Getting to grip with the two most common financial ratios

Julie Brownlee, Fsp Invest, 21 Aug. 2015

Tags: financial ratios, financial ratio, earnings per share, price earnings ratio, eps, pe



When it comes to investing in shares, there are a whole host of different financial ratios you’ll come across.

By far, the two most common are earnings per share and the price earnings ratio.

So what exactly are these ratios?

Read on to find out…



Financial ratio #1: Earnings per share (EPS)


If you look at a company’s results or articles about a company, you’re likely to come across earnings per share (EPS). This financial ratio tells you a company’s profits in relation to its share.

Earnings are a measurement of a company’s profits.

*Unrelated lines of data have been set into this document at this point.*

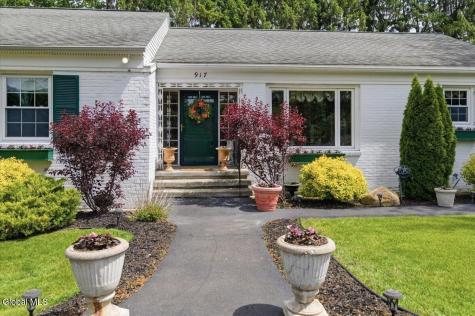 917 Londonderry Court Schenectady NY 12309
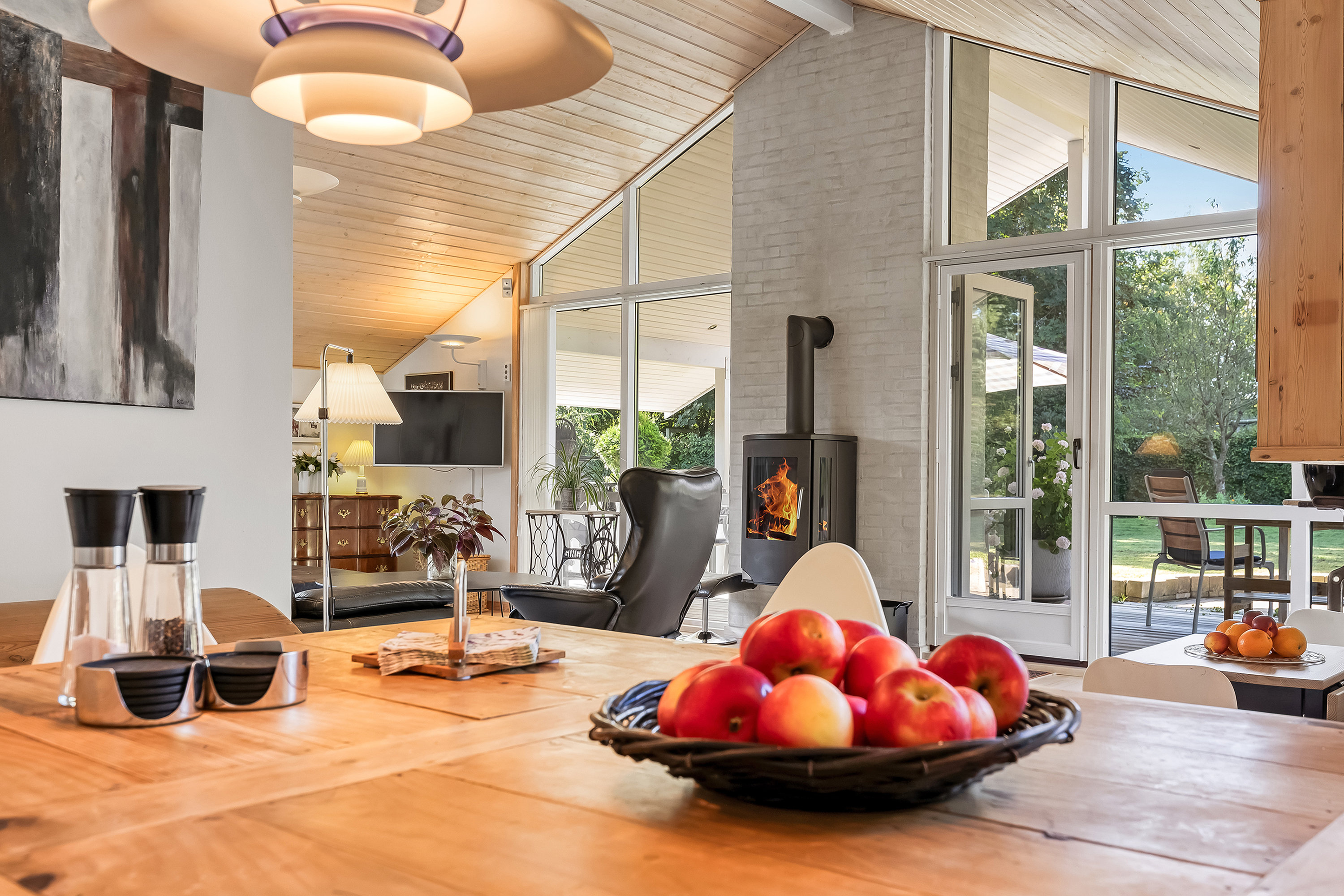 Fremhævet alrum billede i fuldskærmstilstand. Billede af Karl Andersens Vej 24, Rågeleje, 3210 Vejby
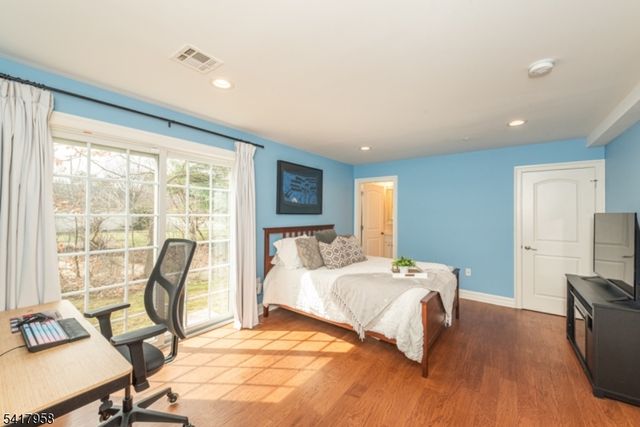 21 Riverbend Ct, New Providence Boro, NJ 07974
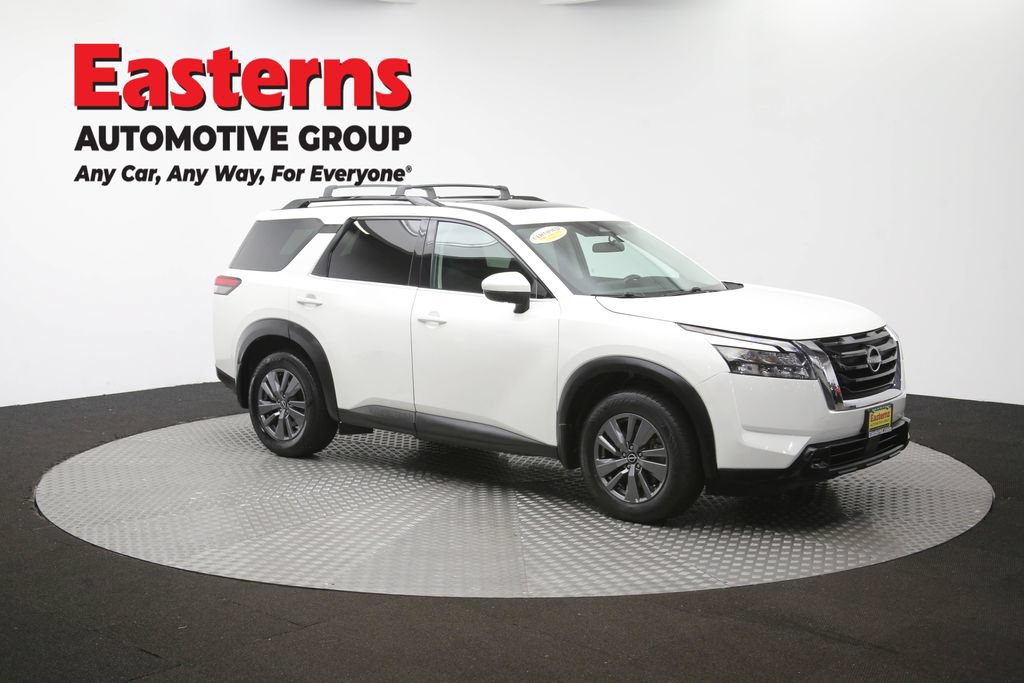 Used 2024 Nissan Pathfinder SV w/ SV Premium Package AWD/4WD image 53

To calculate EPS, you just take the company’s earnings and divide it by the number of shares in issue.

For example, if a company reports earnings of R2 million and there are 25 million ordinary shares in circulation, EPS is 8c.


Financial ratio #2: Price earnings (PE) ratio


The price earnings (PE) ratio is a very common way to weigh up a company. It uses a company’s current share price compared with its earnings.

The PE ratio can indicate whether a company is overpriced or under-priced in relation to other companies.

If a company has a PE ratio of 10, it means you’re prepared to pay ten times the current earnings for the share. If the PE was 20, it means you’re prepared to pay 20 times the current earnings for the share.

By using a lot of different ratios together, you can see how a company performs and how it is likely to perform into the future.

So there you have it. Getting to grip with the two most common financial ratios.